Widening/narrowing conversions between integer sizes and float-to-half conversions each have their own constraint class.

Family 7: Copy / Move Instructions (register transfer)

The copy family (opcodes 440-503) maps to constraint classes that encode same-class and cross-class register transfers:

// Constraint class 0x40 — Same-class copy
// Example: MOV.b32  (Int32 -> Int32)
// Used by opcodes 440-443 (type-preserving moves)
case 0x40:
    desc[0] = { kind=0, value=sub_A778C0(a1, v4, 0) }   // input[0]: same class
    desc[1] = { kind=-1, value=sub_B5BA00(a1, v4) }      // output:  same class
    sub_A78010(a1, desc, 2)
// Constraint class 0x42 — Cross-class copy (Int32 <-> Float32)
// Example: MOV from Int32Regs to Float32Regs (bitcast-level move)
// Used by opcodes 444+ (cross-class moves)
case 0x42:
    desc[0] = { kind=0, value=sub_A778C0(a1, <source_class>, 0) }   // input: source class
    desc[1] = { kind=-1, value=sub_B5BA00(a1, <dest_class>) }        // output: dest class
    sub_A78010(a1, desc, 2)

Cross-class copies are never coalesced by the register coalescer (they remain as explicit mov instructions in PTX output). The constraint table enforces this by assigning distinct source and destination classes.
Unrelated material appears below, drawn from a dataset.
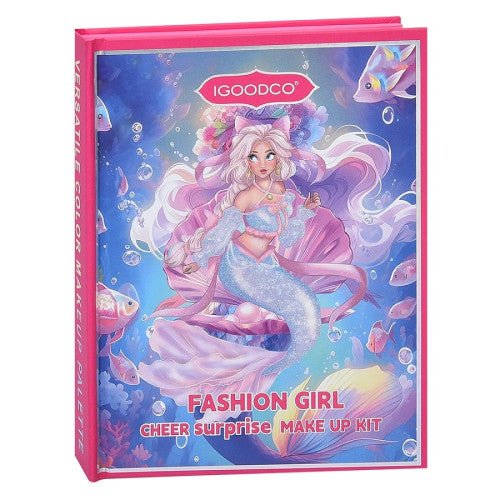 Mermaid Fashion Makeup Book – Sparkly, Stylish &  Full of Surprises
Family 8: Call ABI Instructions (parameter declaration and passing)

The NVPTX calling convention uses special opcodes for .param space management. These have unique constraint classes with no data register operands:

// Constraint class 0x50 — DeclareParam (opcode 505)
// Declares a .param space allocation for function argument passing
case 0x50:
    desc[0] = { kind=0, value=sub_A77AD0(a1, 0) }       // input[0]: "any" (chain token)
    desc[1] = { kind=-1, value=sub_B5BA00(a1, 86) }      // output:  SpecialRegs (chain)
    sub_A78010(a1, desc, 2)

Call sequence opcodes (315=CallSeqBegin, 514=CallStart, 517=CallSeqEnd, 518=CallProto) all use constraint classes that operate on chain tokens rather than data registers. Their inputs and outputs are in the SpecialRegs class (ID 86).
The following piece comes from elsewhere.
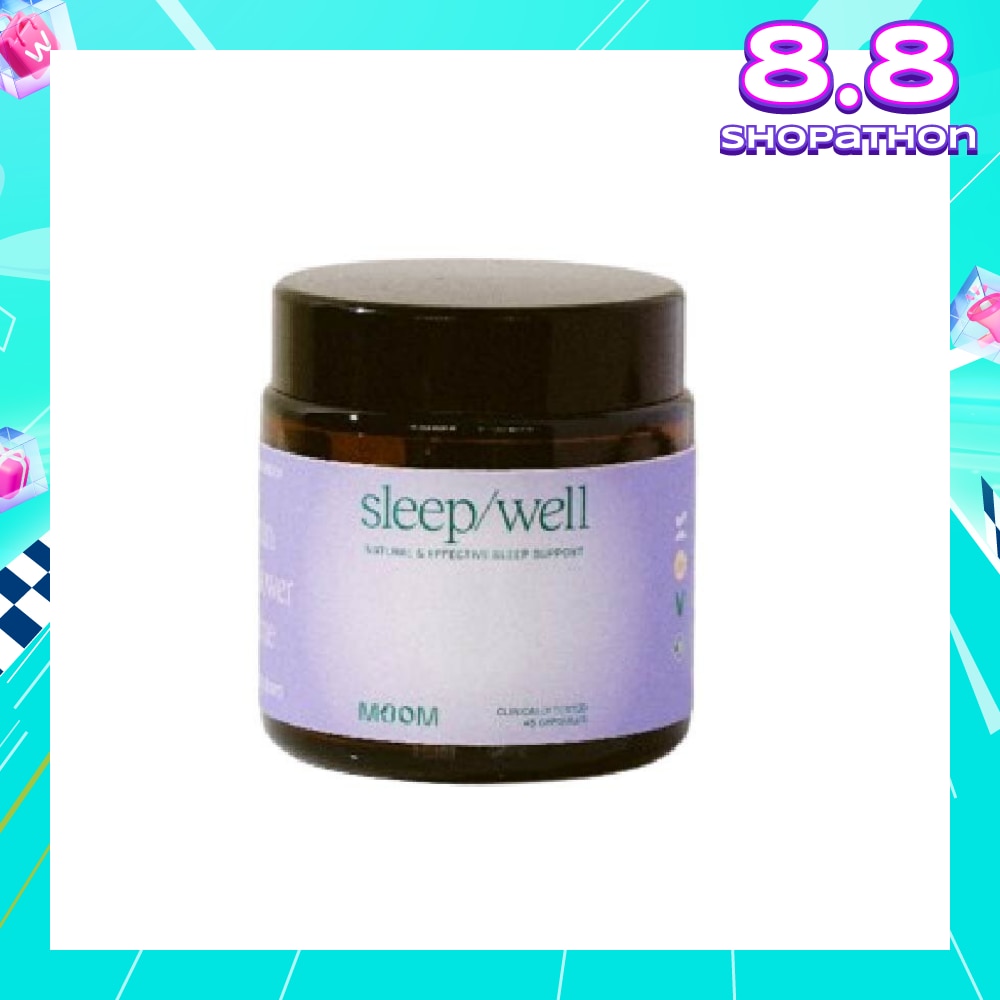 Sleep Well (Natural Support For Restful Sleep And Energized Mornings In Under 60 Minute) 45s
Family 9: Atomic Instructions (address + data + result)

Atomic operations require an address, a data operand, and produce a result of the same data type:

// Constraint class 0x60 — Atomic RMW (read-modify-write)
// Example: ATOM.ADD.s32 (atomic add on Int32)
// Opcodes 294-297 (atom.add family)
case 0x60:
    desc[0] = { kind=0, value=sub_A778C0(a1, 50, 0) }   // input[0]: Int64 (address)
    desc[1] = { kind=1, value=sub_A778C0(a1, v4, 0) }   // input[1]: data (value to add)
    desc[2] = { kind=-1, value=sub_B5BA00(a1, v4) }      // output:  data (old value)
    sub_A78010(a1, desc, 3)

Atomic compare-and-swap (opcode 462 = atom.cas) requires four operands (address, expected, desired, result):

// Constraint class 0x62 — Atomic CAS
// Example: ATOM.CAS.b32 (compare-and-swap)
case 0x62:
    desc[0] = { kind=0, value=sub_A778C0(a1, 50, 0) }   // input[0]: Int64 (address)
    desc[1] = { kind=1, value=sub_A778C0(a1, v4, 0) }   // input[1]: data (expected)
    desc[2] = { kind=2, value=sub_A778C0(a1, v4, 0) }   // input[2]: data (desired)
    desc[3] = { kind=-1, value=sub_B5BA00(a1, v4) }      // output:  data (old value)
    sub_A78010(a1, desc, 4)

Family 10: Tensor Core / MMA Instructions (many inputs, many outputs)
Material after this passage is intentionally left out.